NOTE: The lower the temperature \(`T`\), the highter the weight-discrepancy between "low energy" and "high energy" states. In the limit \(`T \to 0`\), the weight of all but the lowest energy state vanishes and we find the system in this "ground state" with probability \(`1`\).
Randomized Sampling
The metropolis algorithm describes a markov chain approach for randomized sampling of a system's states with their sampling probability converging to the Boltzmann weight. To extend the markov chain, a random next state is proposed and accepted with probability
p(s\to s') =
\begin{cases}
e^{-(E(s')-E(s))/k_BT},& \text{if } E(s') > E(s)\\
1, & \text{otherwise.}
\end{cases}
That is, we always accept a move to a lower-energy state, but only allow increases depending on the energy difference \(`\Delta_E`\) and temperature \(`T`\).

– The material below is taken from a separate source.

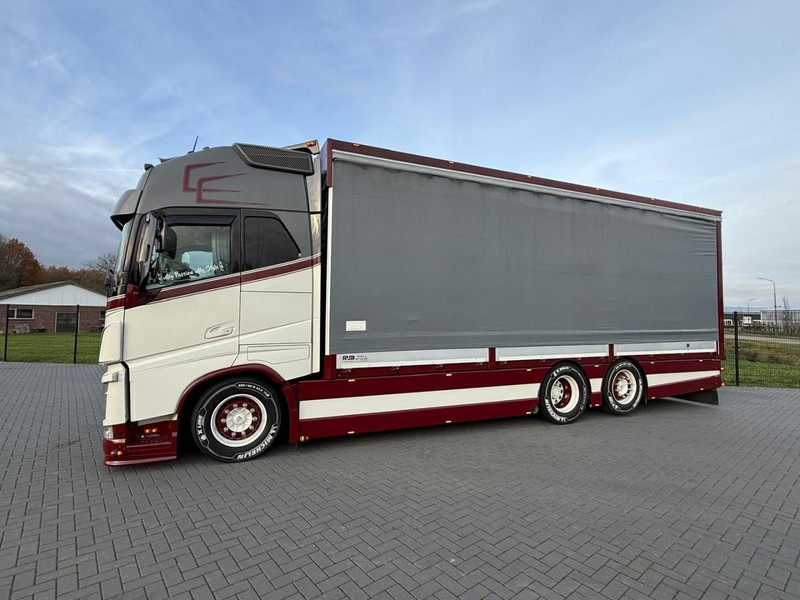 Volvo FH 13.500XL SHOW TRUCK, SPECIAL INTERIOR, TOP STAAT, VOLLUCHT, LAGE KM. - Kamion sa zatvorenim sandukom: slika 5 Volvo FH 13.500XL SHOW TRUCK, SPECIAL INTERIOR, TOP STAAT, VOLLUCHT, LAGE KM. - Kamion sa zatvorenim sandukom: slika 5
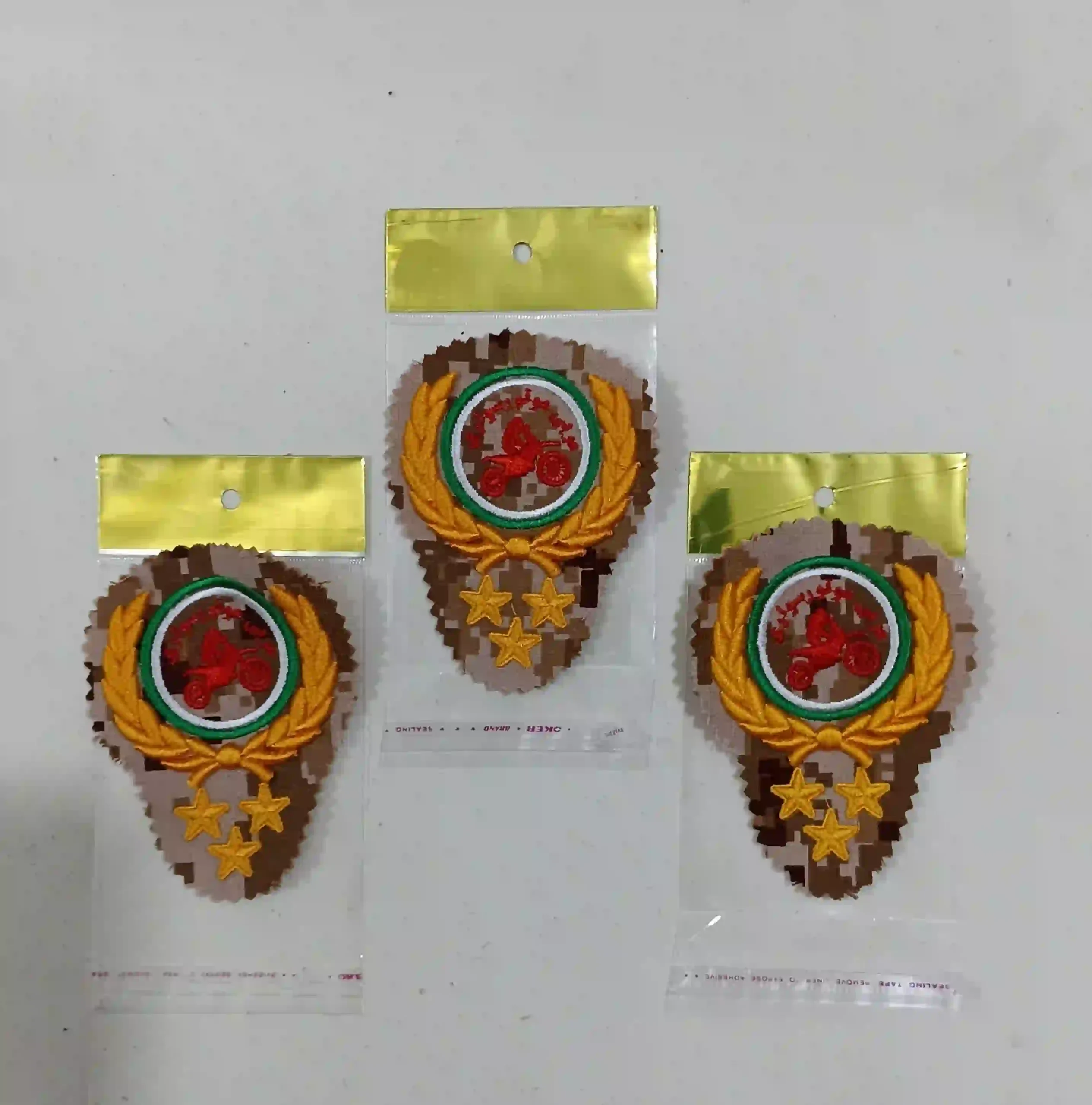 morabi_motor_savari_3_setareh_barjeste_parche_dijital_khaki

This sampling approach can be proven to converge to the Boltzmann distribution in the long-term limit.
Implementation
Metropolis sampling is implemented as a specialization of the
Walker
base class:
:::cpp linenums=False
template <class Model>
class Metropolis : public Walker<Model> {
public:
/// Decide whether to accept a given cost increase.

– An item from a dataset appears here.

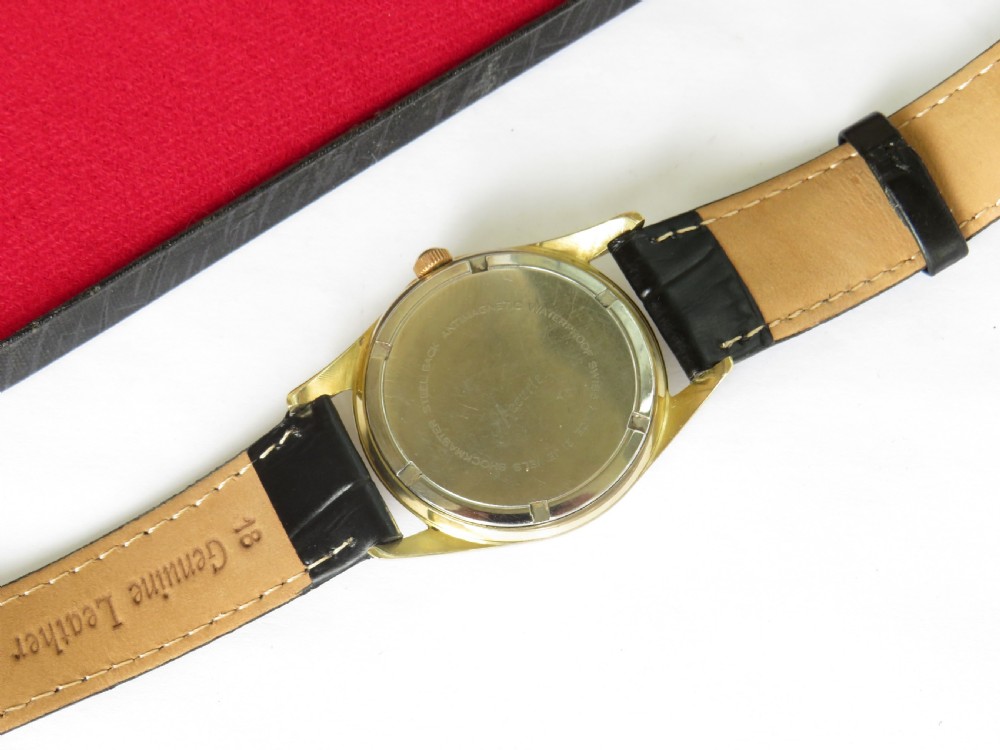 Gents 1960s Accurist wrist watch View IV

bool accept(double cost_diff) override {
return cost_diff <= 0 ||
Walker<Model>::random_number_generator_->uniform() <
exp(-cost_diff * beta_);
}
/// Set the sampling temperature (also updates beta_).
void set_temperature(double temperature);
};
where the selection of a random next state and conditional application
of the proposed transition is implemented in the Walker
base class.
NOTE: For optimization problems it is customary to set the Boltzmann constant to \(`k_B\equiv 1`\) and work with the inverse temperature \(`\beta=1/T`\).
Usage
The Metropolis
class is used by solvers which rely on Boltzmann
sampling, such as ParallelTempering
,
SimulatedAnnealing
and
PopulationAnnealing
.
Instantiation: The class of the model to be sampled is specified
as a template argument to the Metropolis
class. This defines both the model
used for cost function evaluation and the type of state (Model::State_T
) in
the markov chain.
Preparation: Metropolis
instance initialization requires the following
steps prior to calls to the make_step()
method (inherited from Walker
):
set_model(&your_model)
must be called with a pointer to an instance of the model to use (not owned).set_random_number_generator(&your_rng)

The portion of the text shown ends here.